JUSTICE : « Junior Lo », fils de Moustapha Cissé Lo, placé sous mandat de dépôt pour violence et destruction de biens publics

L’affaire, qui a débuté par un simple litige commercial autour de pièces détachées, a viré au chaos dans les locaux du commissariat spécial de Touba. Moustapha Mbacké Lo, alias « Junior Lo », dort désormais en prison en attendant son procès prévu le 22 janvier prochain au tribunal de grande instance de Diourbel.
Par Abdallah
Touba — Le calme habituel du commissariat spécial de Touba a été brusquement rompu cette semaine. Au cœur de cette tempête judiciaire, Moustapha Mbacké Lo, fils du célèbre ancien député Moustapha Cissé Lo. Interpellé suite à une plainte pour menaces de mort, le mis en cause fait désormais face à des charges bien plus lourdes après un accès de colère dévastateur devant les enquêteurs.
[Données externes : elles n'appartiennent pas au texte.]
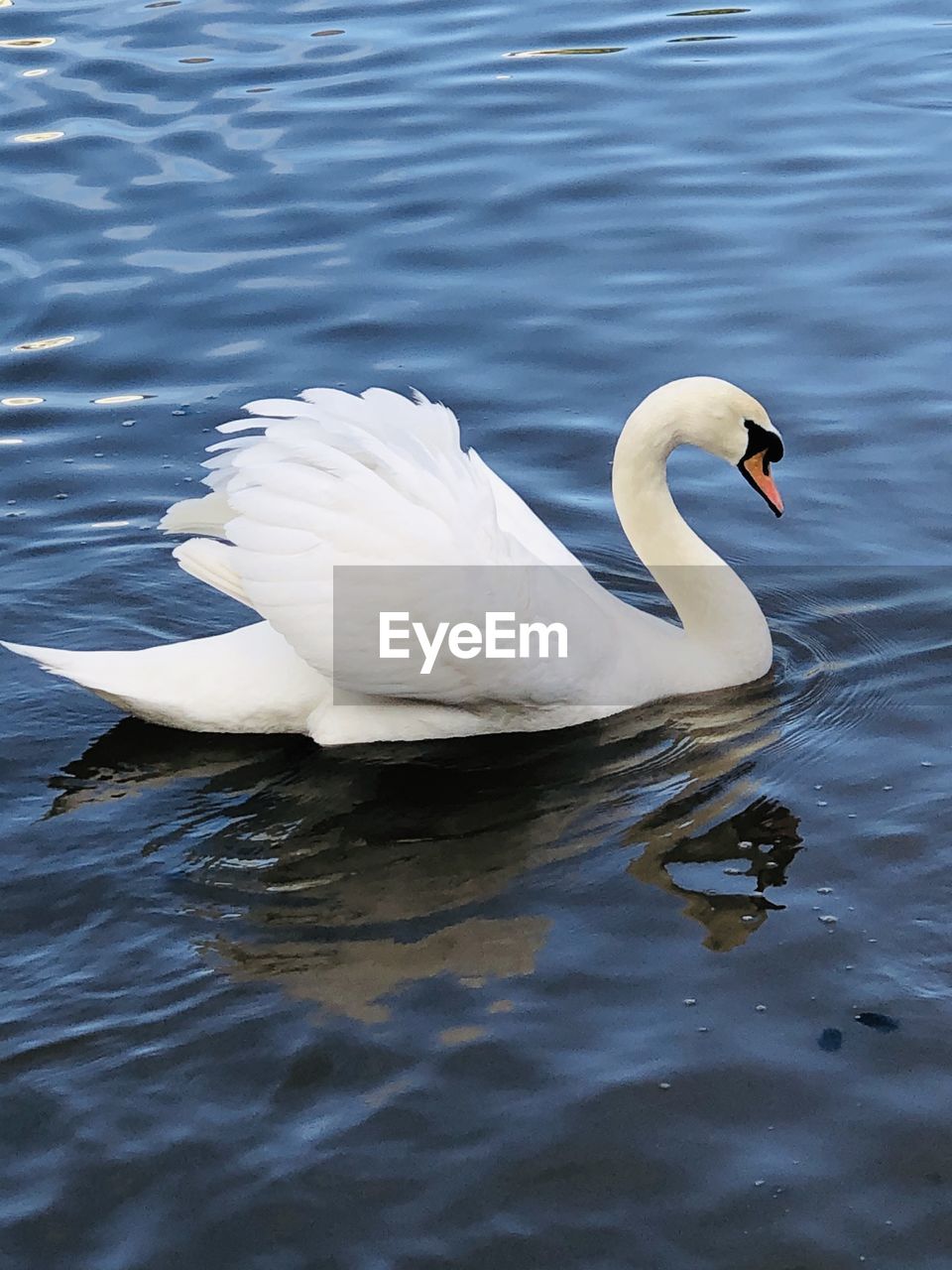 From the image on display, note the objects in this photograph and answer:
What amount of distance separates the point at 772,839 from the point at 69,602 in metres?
2.86

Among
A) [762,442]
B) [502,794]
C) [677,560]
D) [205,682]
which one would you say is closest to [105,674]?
[205,682]

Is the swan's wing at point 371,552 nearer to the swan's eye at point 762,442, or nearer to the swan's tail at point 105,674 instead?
the swan's tail at point 105,674

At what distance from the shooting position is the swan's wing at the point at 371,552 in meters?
6.18

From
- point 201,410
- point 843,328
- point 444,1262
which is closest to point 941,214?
point 843,328

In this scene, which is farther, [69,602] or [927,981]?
[69,602]

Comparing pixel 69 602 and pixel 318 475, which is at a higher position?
pixel 318 475

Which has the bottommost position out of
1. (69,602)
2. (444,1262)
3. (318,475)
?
(444,1262)

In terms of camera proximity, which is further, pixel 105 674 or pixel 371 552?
pixel 105 674

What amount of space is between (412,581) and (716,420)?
1.35 metres

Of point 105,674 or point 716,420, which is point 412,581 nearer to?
point 105,674

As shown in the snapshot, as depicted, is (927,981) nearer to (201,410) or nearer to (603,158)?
(201,410)

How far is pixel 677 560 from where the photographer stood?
705 cm

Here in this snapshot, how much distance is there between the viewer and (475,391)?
30.3 feet

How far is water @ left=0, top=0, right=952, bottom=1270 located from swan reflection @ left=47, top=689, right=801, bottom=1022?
0.06 ft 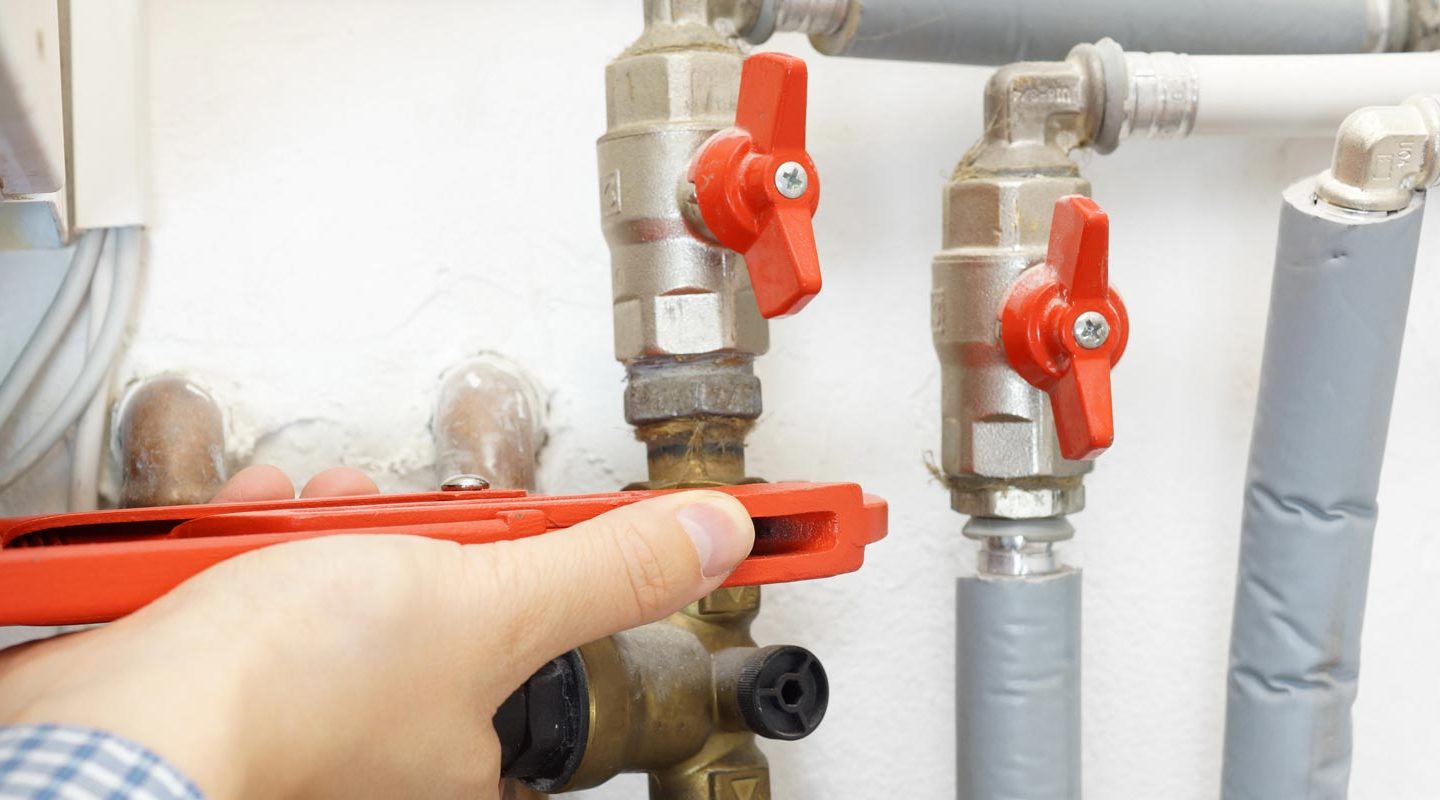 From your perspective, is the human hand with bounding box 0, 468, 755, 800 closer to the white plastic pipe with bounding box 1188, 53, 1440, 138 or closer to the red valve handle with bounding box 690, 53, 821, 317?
the red valve handle with bounding box 690, 53, 821, 317

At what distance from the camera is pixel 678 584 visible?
34 cm

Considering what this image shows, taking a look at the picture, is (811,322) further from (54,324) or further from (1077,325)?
(54,324)

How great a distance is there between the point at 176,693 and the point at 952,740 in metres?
0.45

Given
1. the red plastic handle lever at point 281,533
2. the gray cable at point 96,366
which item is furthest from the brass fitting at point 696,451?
the gray cable at point 96,366

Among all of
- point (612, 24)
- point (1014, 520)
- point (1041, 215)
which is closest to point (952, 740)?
point (1014, 520)

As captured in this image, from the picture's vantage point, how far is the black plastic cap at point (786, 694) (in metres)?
0.43

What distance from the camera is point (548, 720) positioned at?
1.28 ft

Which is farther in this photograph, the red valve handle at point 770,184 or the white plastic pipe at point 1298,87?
the white plastic pipe at point 1298,87

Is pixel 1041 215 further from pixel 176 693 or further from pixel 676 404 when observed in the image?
pixel 176 693

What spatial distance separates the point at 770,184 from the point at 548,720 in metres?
0.19

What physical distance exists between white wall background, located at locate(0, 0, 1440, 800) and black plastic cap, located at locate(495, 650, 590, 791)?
0.21 metres

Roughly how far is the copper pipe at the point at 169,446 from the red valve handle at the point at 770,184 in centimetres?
25

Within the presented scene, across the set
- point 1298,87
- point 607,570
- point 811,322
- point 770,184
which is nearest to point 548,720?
point 607,570

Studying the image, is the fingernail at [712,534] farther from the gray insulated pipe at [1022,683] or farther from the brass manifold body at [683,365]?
the gray insulated pipe at [1022,683] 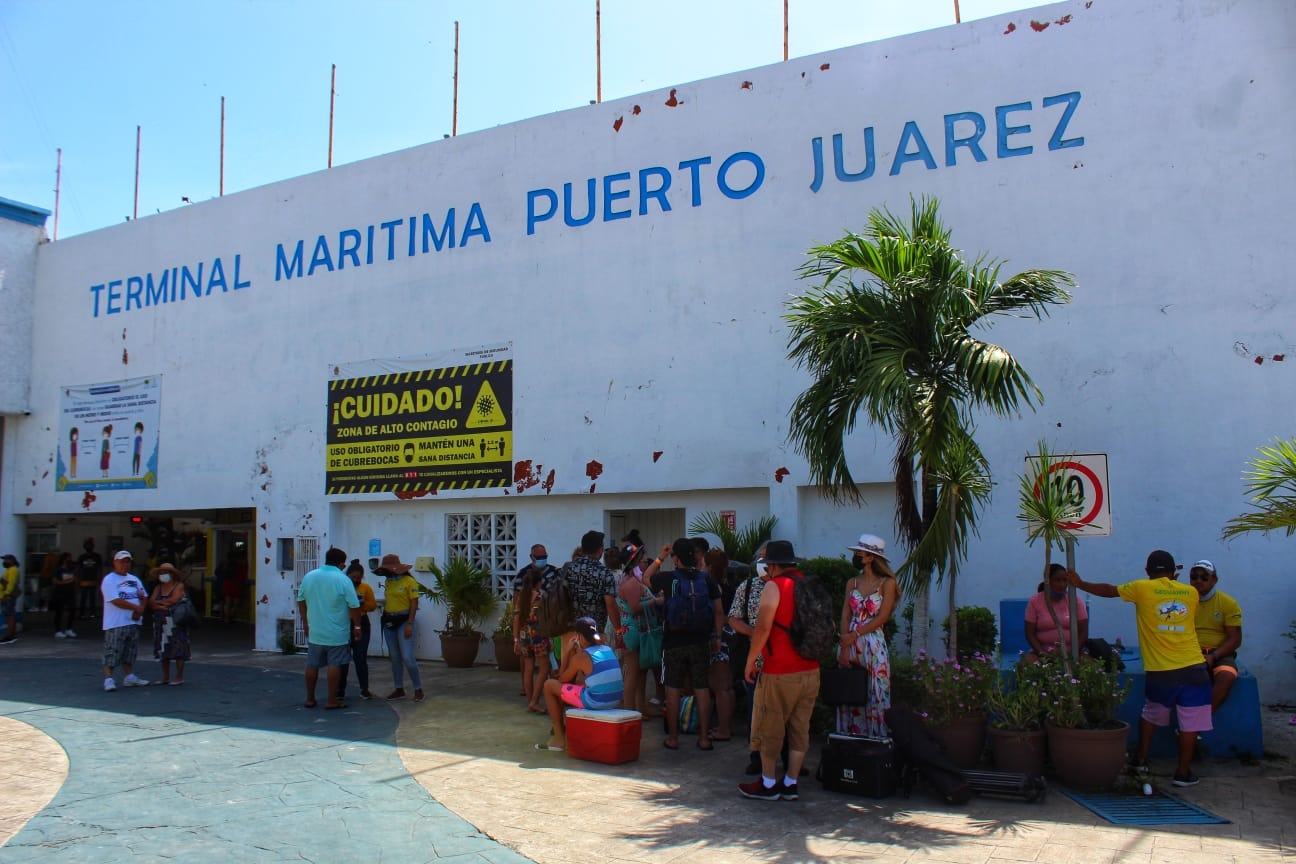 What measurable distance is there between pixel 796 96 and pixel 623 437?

Une affaire d’amortisseurs à l’origine du conflit
Tout commence par une transaction banale : Junior Lo remet la somme de 80 000 FCFA à Baye Serigne Ndiaye, un mineur de 17 ans, pour l’achat d’amortisseurs. Les pièces acquises s’avèrent malheureusement incompatibles avec le véhicule de l’acheteur.
Bien que la mère du mineur ait proposé de rembourser intégralement la somme, Junior Lo aurait refusé, exigeant de « mettre la main » sur le jeune homme. Se sentant traqué jusque dans son domicile familial, le mineur, accompagné de sa mère, a fini par porter plainte pour harcèlement et menaces de mort.
Le bureau de l’enquêteur mis à sac
Convoqué pour s’expliquer, le fils de l’ancien parlementaire a d’abord adopté une posture de silence, refusant catégoriquement de s’exprimer. C’est lors de la confrontation avec la version du plaignant que la situation a basculé.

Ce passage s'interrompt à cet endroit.